Когда я приехал в Париж, я понаслышке уже знал про абсолютно безукоризненное поведение Бунина в годы немецкой оккупации, слышал, что он категорически отказался хотя бы палец о палец ударить для немцев. Для меня, только что пережившего войну, это было главным оселком в моем отношении к людям.

Я относился к Бунину как к очень хорошему писателю и как к человеку, занявшему во время войны достойную патриотическую позицию. Я уважал его за это, и это уважение зачеркивало для меня некоторые неприемлемые страницы в его прошлом. Словом, мне хотелось, чтобы Бунин вернулся домой.

Но когда я говорю "вернулся", надо сказать всю правду - при встречах с Буниным, чем дальше, тем больше, у меня росло ощущение, что возвращение будет тягостно для него. Хорошо, если он возьмет советское гражданство, хорошо, если он закрепится на тех максимально близких к нам позициях, на которых он был в то лето, но настаивать на том, чтобы он непременно ехал домой, может быть, не следует: он слишком многого у нас не поймет, не примет, не ощутит себя как дома.

Перед моими последующими встречами с Буниным наш посол говорил мне, что было бы хорошо как‑то душевно подтолкнуть Бунина к мысли о возможности возвращения, говорил о том, что Бунин живет не в безвоздушном пространстве и есть силы, которые действуют на него в обратном направлении.

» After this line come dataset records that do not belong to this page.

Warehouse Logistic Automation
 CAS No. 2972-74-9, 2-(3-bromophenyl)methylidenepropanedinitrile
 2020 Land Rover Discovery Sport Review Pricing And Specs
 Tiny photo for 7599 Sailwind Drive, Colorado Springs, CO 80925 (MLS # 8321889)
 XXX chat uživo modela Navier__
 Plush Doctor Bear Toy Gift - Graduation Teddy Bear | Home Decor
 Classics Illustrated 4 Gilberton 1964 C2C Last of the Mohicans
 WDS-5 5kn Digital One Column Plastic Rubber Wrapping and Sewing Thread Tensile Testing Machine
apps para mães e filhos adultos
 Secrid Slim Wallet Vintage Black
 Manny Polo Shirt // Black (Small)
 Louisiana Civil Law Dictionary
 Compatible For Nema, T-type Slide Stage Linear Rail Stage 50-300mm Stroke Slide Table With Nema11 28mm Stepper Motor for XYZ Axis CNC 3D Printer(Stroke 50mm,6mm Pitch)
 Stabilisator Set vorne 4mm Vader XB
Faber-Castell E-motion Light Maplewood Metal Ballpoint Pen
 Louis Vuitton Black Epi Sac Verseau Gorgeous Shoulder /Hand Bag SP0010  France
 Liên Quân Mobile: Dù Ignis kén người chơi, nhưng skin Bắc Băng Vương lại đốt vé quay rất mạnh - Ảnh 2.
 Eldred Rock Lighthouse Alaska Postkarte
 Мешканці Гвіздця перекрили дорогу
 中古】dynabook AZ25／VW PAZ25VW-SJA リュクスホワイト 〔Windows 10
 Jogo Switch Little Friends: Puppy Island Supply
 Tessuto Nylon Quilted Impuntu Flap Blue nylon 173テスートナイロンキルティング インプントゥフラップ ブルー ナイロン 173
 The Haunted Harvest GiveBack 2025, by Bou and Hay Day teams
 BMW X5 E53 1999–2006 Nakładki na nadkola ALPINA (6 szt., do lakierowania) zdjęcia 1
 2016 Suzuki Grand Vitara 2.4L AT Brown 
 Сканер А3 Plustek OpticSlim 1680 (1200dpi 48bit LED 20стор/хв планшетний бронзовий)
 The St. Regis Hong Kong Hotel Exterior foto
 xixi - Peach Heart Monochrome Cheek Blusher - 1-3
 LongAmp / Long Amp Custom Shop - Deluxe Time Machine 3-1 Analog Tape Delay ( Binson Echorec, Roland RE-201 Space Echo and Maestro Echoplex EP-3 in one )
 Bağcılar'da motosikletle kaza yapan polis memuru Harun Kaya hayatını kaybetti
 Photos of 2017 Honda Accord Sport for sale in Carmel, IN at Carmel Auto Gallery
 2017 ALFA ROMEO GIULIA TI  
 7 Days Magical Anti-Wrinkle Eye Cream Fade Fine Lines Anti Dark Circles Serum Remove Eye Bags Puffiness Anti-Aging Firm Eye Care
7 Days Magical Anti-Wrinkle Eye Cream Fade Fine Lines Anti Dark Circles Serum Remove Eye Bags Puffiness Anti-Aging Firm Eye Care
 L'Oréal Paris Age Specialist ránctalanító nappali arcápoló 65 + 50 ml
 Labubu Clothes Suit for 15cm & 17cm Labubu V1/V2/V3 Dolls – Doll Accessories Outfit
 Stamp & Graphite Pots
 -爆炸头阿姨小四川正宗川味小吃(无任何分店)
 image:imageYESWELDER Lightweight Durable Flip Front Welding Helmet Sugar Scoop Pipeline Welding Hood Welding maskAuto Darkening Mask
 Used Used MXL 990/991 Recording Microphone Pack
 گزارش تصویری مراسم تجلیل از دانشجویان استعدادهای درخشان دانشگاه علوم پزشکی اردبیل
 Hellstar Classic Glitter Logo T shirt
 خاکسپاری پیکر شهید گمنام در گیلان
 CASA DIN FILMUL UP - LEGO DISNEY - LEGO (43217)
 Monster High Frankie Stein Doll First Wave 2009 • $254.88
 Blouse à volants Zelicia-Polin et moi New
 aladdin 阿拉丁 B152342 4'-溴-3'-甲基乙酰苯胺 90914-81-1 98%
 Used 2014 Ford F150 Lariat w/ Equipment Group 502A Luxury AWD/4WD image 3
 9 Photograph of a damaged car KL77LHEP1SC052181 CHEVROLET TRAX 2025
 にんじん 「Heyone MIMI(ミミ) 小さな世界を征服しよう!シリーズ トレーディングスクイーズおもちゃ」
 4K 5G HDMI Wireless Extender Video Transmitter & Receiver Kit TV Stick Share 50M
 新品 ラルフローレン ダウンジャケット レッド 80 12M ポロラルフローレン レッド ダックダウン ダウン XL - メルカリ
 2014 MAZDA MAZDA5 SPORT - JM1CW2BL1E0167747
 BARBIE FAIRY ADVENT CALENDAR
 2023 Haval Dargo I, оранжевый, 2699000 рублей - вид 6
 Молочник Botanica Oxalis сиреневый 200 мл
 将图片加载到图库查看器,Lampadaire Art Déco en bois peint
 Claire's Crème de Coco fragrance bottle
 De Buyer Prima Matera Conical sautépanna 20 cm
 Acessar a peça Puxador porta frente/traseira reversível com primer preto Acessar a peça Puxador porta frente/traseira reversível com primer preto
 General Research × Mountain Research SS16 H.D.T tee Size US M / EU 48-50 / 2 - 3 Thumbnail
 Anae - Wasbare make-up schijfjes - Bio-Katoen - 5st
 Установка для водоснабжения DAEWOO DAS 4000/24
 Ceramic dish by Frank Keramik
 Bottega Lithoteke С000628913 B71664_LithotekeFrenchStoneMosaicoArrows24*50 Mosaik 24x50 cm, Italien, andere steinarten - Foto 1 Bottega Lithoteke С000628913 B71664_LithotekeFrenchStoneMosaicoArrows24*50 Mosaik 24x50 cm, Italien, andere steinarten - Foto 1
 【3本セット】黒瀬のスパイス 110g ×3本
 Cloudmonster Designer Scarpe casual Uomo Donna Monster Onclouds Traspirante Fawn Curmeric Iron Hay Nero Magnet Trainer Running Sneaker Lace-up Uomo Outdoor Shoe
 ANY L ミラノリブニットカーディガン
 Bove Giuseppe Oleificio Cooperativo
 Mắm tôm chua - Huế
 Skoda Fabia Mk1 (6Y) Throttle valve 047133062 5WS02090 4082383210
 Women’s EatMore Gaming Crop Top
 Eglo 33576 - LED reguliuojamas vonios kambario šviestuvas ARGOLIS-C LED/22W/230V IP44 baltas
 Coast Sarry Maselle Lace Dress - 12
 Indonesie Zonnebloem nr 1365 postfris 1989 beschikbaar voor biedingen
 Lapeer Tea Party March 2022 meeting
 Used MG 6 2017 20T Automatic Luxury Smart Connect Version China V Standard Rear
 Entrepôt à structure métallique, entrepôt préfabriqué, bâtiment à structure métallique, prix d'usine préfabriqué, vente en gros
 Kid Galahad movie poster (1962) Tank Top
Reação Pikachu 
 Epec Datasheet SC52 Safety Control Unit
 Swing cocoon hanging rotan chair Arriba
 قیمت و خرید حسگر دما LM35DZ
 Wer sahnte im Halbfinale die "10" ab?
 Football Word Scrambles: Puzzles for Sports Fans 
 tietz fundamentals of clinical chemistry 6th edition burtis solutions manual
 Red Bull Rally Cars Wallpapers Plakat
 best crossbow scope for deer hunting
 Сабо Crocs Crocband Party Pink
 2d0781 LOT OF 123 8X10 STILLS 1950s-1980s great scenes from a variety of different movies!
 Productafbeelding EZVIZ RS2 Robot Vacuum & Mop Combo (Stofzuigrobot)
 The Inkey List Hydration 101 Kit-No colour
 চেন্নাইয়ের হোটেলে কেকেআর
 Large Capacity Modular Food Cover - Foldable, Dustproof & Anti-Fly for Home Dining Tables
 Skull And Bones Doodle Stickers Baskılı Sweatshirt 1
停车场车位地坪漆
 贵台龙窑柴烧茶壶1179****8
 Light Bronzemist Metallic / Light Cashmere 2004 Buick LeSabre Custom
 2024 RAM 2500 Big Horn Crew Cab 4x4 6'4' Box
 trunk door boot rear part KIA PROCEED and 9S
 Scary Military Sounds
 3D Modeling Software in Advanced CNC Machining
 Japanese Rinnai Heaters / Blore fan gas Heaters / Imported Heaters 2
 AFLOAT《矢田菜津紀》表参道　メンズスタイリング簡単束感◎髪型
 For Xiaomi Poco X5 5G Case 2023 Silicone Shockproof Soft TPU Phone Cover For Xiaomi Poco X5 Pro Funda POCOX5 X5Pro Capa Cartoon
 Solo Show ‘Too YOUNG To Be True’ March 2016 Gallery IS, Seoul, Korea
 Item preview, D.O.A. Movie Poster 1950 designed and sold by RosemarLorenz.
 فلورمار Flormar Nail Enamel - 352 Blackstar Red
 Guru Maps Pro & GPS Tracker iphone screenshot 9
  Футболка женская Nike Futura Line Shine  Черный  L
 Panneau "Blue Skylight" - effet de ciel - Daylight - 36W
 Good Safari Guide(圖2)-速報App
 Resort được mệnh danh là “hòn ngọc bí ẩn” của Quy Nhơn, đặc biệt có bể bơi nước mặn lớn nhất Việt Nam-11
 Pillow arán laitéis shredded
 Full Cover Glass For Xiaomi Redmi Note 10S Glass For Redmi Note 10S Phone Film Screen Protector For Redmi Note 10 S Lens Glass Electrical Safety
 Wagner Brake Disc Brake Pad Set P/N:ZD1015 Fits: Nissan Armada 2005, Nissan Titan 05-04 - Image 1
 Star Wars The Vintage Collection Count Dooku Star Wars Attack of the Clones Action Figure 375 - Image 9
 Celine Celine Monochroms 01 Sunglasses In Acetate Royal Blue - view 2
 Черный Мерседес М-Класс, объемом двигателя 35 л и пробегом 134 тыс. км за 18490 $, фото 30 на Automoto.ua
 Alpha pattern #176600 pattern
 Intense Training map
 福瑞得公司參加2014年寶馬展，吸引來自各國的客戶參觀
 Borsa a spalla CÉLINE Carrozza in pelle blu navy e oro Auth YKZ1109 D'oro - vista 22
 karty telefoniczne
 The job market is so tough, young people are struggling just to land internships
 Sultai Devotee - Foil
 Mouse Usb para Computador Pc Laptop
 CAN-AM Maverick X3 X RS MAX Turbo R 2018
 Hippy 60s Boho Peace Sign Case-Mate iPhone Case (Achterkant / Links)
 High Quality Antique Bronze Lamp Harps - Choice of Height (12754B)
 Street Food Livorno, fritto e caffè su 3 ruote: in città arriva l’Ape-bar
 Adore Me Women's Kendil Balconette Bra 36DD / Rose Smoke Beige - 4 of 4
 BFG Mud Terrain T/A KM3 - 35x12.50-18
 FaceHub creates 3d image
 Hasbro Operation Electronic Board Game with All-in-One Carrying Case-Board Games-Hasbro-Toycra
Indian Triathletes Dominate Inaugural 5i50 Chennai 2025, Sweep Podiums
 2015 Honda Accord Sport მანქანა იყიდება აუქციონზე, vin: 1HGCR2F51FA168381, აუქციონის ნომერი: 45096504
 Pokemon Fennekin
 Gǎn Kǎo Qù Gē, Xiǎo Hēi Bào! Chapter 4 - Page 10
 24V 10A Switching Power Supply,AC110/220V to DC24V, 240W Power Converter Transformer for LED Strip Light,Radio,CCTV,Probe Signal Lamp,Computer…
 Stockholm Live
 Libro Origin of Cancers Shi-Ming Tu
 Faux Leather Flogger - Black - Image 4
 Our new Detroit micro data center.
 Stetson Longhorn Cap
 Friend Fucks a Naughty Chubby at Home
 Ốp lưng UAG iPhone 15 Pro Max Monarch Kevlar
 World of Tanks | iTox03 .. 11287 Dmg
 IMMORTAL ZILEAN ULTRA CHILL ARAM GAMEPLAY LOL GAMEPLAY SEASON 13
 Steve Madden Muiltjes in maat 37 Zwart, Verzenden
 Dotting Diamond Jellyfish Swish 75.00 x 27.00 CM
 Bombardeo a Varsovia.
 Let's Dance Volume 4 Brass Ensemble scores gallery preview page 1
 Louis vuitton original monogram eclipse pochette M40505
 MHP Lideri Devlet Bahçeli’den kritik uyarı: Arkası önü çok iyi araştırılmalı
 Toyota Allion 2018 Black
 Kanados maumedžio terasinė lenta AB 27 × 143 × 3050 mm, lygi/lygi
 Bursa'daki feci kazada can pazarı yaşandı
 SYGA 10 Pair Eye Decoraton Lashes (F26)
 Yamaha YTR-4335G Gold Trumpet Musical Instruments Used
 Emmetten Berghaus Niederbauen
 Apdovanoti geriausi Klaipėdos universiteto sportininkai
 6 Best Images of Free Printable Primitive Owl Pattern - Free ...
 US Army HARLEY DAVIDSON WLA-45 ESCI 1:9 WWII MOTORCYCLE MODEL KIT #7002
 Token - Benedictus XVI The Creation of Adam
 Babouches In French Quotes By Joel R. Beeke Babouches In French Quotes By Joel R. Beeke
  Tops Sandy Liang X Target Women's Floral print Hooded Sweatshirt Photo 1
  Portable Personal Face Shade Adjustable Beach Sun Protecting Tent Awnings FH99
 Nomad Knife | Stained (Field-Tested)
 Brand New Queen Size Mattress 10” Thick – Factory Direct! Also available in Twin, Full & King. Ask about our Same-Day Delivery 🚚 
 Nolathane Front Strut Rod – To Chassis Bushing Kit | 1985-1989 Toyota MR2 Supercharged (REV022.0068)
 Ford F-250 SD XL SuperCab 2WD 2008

Я с охотой взял на себя это неофициальное поручение попробовать повлиять на Бунина. Не собираясь с места в карьер приниматься за уговоры - брать паспорт и ехать, - я видел свою задачу в том, чтобы рассказать Бунину все, что ему будет интересно: о войне и о людях во время войны, дать ему представление о том, что мы пережили за последние годы, и всем этим душевно приблизить его к нам.

Не помню уже, в тот же самый вечер, когда я познакомился с Буниным, или на следующий вечер мы зашли в кафе и вдруг наткнулись на уже сидевших там Бунина и Тэффи.

Мы довольно долго просидели вместе в кафе, потом Тэффи ушла первой, а я, прощаясь, пригласил Бунина пообедать.

Он спросил где и, улыбнувшись, добавил: здесь разные рестораны по разным возможностям. Я сказал: все равно где, пойдем туда, где лучше кормят.

- Ну что ж, раз так - в "Лаперуз", - как мне показалось, с некоторым недоверием к моим возможностям сказал он.

После войны во Франции вышли сразу две мои книги, и у меня были деньги. Через два дня мы обедали с Буниным на набережной Сены в этом выбранном им "Лаперузе", обедали не спеша, несколько часов, и разговаривали.

Не знаю, то ли Бунин почувствовал, что мне хочется подтолкнуть его к возвращению на родину, то ли сам он тогда неотступно думал об этом, во всяком случае, где‑то посредине обеда, который начался малосущественным разговором, Бунин вдруг заговорил о своем возвращении.

Допускаю, что он ждал, что я сам заговорю на эту тему, и хотел предупредить меня.

Заговорив о возвращении, он сказал, что, конечно, очень хочется поехать, посмотреть, побывать в знакомых местах, но его смущает возраст.